__EXERCISE BRIEF__: Go through the entries one line at a time, and gather every line that has the word "Rate".

*** RECORDS SHOWN Section Begins ***

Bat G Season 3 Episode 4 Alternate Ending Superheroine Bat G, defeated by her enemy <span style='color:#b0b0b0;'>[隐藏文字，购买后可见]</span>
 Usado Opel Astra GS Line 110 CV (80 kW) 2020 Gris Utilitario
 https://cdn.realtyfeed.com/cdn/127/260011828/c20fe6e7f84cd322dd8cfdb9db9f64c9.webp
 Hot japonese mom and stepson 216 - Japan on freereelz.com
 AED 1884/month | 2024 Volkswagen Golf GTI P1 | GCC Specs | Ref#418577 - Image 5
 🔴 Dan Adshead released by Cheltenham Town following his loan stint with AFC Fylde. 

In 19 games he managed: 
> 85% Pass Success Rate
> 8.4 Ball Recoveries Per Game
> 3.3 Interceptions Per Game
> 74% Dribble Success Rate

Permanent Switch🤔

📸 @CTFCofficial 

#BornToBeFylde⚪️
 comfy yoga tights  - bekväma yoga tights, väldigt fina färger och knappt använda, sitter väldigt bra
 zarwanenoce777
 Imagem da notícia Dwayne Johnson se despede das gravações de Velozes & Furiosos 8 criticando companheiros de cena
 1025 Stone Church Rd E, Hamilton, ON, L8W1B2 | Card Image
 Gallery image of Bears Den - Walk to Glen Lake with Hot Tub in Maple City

*** RECORDS SHOWN Section Ends ***

__RESULT OF THIS EXERCISE__:
> 85% Pass Success Rate
> 74% Dribble Success Rate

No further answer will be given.